▶ Data
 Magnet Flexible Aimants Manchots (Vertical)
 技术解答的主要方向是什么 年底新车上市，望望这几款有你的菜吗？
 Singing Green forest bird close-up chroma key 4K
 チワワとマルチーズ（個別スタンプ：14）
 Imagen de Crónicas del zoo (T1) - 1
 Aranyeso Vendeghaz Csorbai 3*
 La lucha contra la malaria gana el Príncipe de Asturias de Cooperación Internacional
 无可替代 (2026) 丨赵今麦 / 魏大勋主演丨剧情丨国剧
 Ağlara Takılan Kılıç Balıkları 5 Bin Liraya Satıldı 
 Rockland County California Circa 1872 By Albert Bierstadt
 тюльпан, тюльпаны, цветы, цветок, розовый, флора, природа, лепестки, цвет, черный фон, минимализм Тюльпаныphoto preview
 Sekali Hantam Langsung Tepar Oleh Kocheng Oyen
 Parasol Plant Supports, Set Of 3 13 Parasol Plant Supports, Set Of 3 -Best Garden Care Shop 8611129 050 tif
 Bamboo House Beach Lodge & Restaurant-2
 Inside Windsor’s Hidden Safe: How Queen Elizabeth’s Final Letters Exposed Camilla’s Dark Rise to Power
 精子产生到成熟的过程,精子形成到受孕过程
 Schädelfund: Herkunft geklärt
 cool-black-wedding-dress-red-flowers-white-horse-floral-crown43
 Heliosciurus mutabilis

▶ Instructions to follow
Exactly as they appear, print the lines from the one holding "cool-black-wedding-dress-red-flowers-white-horse-floral-crown43" through the final line of the entries, and no others.

▶ Reply
 cool-black-wedding-dress-red-flowers-white-horse-floral-crown43
 Heliosciurus mutabilis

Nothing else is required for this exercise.